:: GOAL OF THE EXERCISE ::
Beginning with the line that contains "Rich Piana 8" and ending with the line that contains "Bonamici Racing Aluminum", reproduce the lines of the entries below exactly, omitting pictures.

:: GIVEN RECORDS ::
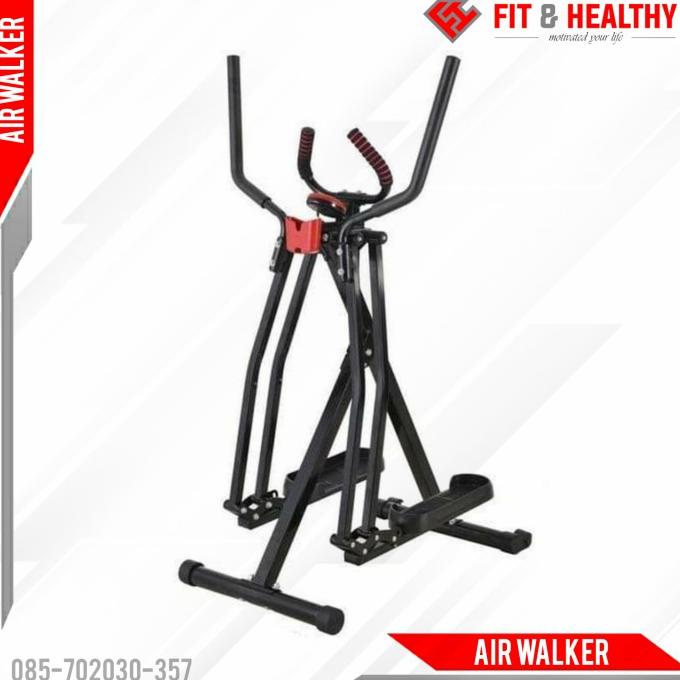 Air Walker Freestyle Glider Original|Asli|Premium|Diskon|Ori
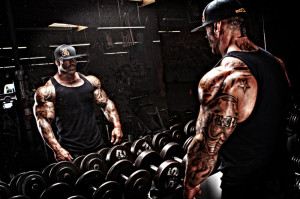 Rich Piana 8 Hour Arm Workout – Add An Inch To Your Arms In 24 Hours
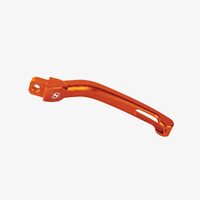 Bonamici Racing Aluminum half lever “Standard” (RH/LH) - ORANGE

...

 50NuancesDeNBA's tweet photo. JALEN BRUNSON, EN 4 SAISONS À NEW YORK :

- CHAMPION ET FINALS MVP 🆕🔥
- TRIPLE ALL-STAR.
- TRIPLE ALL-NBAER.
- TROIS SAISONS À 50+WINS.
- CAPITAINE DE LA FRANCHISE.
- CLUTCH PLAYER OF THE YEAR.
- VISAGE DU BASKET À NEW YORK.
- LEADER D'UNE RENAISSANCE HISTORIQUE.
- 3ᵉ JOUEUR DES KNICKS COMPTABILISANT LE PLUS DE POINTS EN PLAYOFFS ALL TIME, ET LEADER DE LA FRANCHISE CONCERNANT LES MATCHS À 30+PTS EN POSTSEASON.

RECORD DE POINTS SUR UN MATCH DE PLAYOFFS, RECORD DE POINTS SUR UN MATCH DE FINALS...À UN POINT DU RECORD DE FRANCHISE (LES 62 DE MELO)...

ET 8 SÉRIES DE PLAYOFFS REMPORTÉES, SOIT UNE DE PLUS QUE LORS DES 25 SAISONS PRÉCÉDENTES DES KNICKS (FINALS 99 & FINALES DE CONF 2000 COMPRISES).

:: EXPECTED ANSWER ::
 Rich Piana 8 Hour Arm Workout – Add An Inch To Your Arms In 24 Hours
 Bonamici Racing Aluminum half lever “Standard” (RH/LH) - ORANGE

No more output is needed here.